Ask a fraud manager at a community institution what's keeping them up at night in 2026, and you'll rarely hear about stolen card numbers. You'll hear about scams — the cases where the customer, not the criminal, moves the money. It's the fastest-growing category of loss in the industry, and it exposes a hard truth: most fraud controls were built to stop unauthorized transactions, and scams are, technically, authorized.
That distinction is the whole problem. When a member is manipulated into sending a real-time payment to a fraudster, your systems see a legitimate customer, on a legitimate device, making a payment they intended to make. Every traditional signal says "approve."
Why scams beat traditional controls
Classic fraud detection asks: is this really the customer? Scam fraud sails past that question because it is really the customer. The criminal never touches your systems — they work on the human. Common playbooks include:
- Impersonation. A caller posing as your fraud department, telling the member to "move your money to a safe account" to protect it.
- Purchase scams. Payment for goods or a rental that never existed.
- Romance and investment scams. Long cons that end in the member willingly wiring their savings.
Add instant payment rails to that mix and the money is gone before anyone realizes what happened. Speed, which members love, is also what makes scams so unforgiving.
The shift from identity to intent
The institutions making progress have stopped asking only "is this the real customer?" and started asking "does this behavior look like someone being coerced?" That's a move from verifying identity to reading intent — and it relies on signals traditional systems ignore.
You can't stop scam losses by getting better at recognizing the customer. You have to get better at recognizing when the customer is being used.
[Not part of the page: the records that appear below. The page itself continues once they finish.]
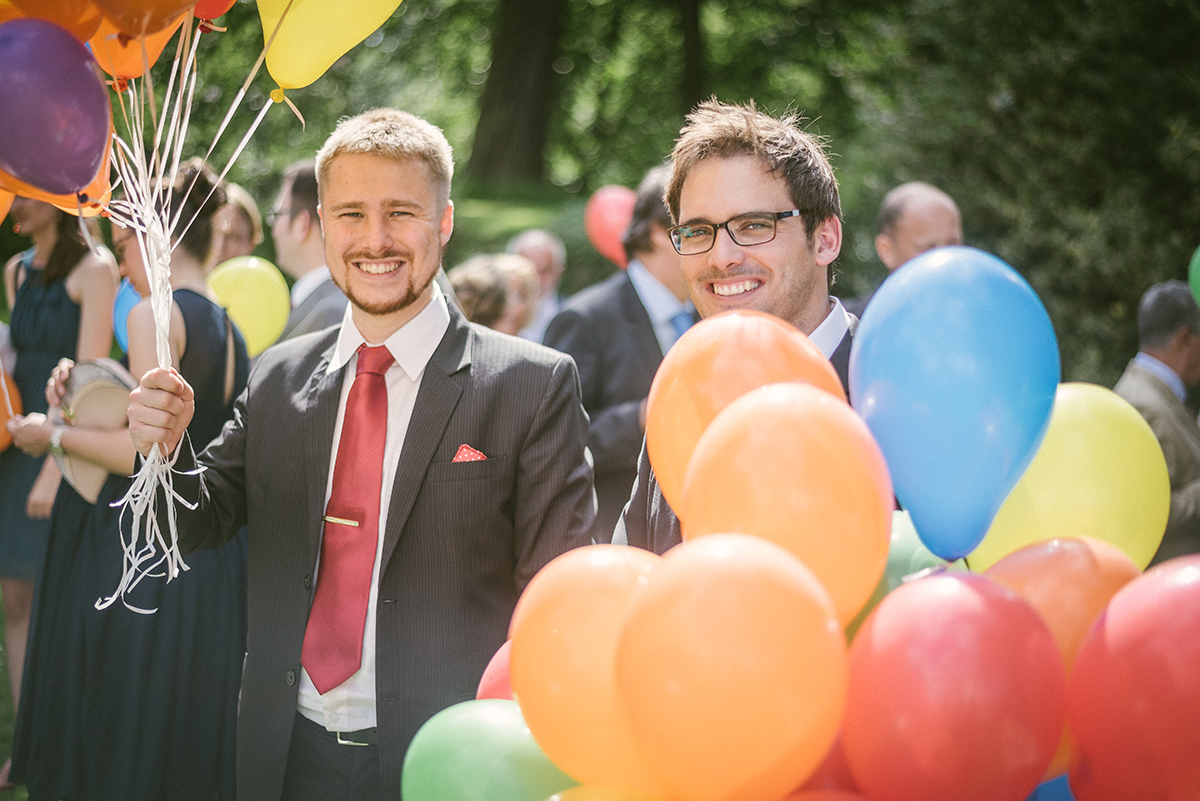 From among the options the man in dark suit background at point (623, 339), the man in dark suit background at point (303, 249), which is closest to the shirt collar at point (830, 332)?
the man in dark suit background at point (623, 339)

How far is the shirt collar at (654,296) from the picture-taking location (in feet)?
13.5

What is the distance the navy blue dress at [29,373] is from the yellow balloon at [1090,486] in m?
4.20

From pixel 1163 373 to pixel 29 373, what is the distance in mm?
5020

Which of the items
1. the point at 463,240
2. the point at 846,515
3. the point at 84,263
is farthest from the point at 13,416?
the point at 463,240

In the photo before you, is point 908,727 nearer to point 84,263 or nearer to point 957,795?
point 957,795

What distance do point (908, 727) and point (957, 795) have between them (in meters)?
0.10

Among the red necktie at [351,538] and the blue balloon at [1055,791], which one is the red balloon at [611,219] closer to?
the red necktie at [351,538]

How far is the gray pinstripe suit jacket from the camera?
2.23 m

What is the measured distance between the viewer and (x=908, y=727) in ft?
3.88

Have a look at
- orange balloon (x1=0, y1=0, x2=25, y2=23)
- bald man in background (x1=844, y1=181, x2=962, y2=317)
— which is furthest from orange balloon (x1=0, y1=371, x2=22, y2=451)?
bald man in background (x1=844, y1=181, x2=962, y2=317)

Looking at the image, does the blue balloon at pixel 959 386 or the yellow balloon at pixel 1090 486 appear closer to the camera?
the blue balloon at pixel 959 386

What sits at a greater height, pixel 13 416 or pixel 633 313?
pixel 633 313

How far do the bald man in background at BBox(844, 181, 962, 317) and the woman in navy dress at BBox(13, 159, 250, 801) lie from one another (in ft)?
8.65

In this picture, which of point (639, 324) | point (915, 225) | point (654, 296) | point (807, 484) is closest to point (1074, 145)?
point (915, 225) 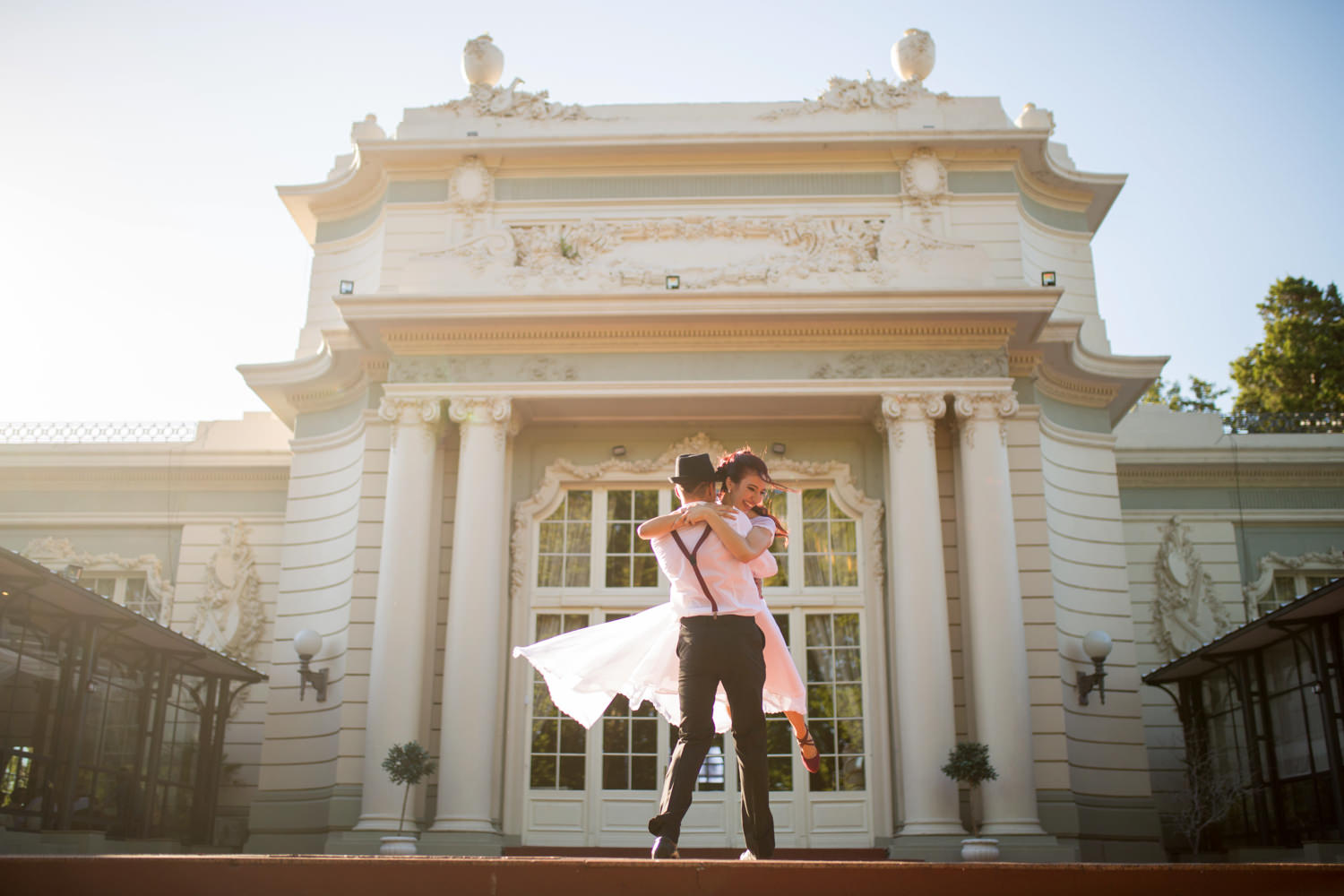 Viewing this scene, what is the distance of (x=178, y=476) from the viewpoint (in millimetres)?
20141

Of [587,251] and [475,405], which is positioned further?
[587,251]

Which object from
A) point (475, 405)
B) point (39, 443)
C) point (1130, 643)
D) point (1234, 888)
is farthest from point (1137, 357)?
point (39, 443)

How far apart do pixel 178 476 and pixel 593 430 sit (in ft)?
27.8

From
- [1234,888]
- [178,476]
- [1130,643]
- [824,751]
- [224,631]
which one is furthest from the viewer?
[178,476]

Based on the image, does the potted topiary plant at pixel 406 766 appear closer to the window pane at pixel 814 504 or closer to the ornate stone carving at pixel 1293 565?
the window pane at pixel 814 504

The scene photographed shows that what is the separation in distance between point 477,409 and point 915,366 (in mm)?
5227

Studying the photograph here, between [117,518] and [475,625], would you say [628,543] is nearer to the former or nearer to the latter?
[475,625]

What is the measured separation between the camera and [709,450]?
15.3 m

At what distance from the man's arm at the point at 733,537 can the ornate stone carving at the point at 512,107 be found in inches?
475

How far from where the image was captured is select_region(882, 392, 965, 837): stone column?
517 inches

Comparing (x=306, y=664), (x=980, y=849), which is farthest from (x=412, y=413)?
(x=980, y=849)

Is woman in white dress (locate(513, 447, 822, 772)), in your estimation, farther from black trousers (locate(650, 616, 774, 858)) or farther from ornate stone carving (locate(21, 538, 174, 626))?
ornate stone carving (locate(21, 538, 174, 626))

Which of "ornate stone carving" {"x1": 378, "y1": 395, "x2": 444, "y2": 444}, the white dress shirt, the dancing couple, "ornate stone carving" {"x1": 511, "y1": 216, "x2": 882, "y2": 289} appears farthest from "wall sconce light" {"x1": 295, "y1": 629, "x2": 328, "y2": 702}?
the white dress shirt

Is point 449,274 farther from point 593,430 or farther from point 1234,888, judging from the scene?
point 1234,888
Behavioral signals do the heavy lifting here: a member who normally sends nothing suddenly setting up a large new payee; hesitation and unusual session patterns that suggest someone is being talked through the steps; a login followed immediately by a phone call and a rushed transfer. None of these are conclusive alone. Together, they paint a picture.
Friction, used surgically
The instinct to add warnings to every payment backfires — members tune out blanket alerts fast. The better approach is targeted friction: reserve the hard stops and pointed, scam-specific warnings for the small number of transactions that look genuinely risky. A well-timed prompt — "Did someone contact you and ask you to move this money?" — has interrupted more scams than any generic disclaimer ever will.
Build the human layer
Technology catches the pattern; people close the loop. That means training frontline and contact-center staff to recognize the emotional fingerprints of a scam in progress — urgency, secrecy, a member who seems coached or defensive — and empowering them to pause a transaction and ask questions without fear of annoying a good customer. Member education matters too, but education alone won't beat a skilled social engineer working someone in real time.
Where to start
Three priorities for a community institution: layer behavioral analytics onto your payment flows so intent signals actually surface; apply friction surgically to high-risk transactions instead of numbing everyone with warnings; and give your people both the training to spot a scam and the authority to slow it down. Scam fraud is a human problem wearing a technology costume — the defense has to work on both layers at once.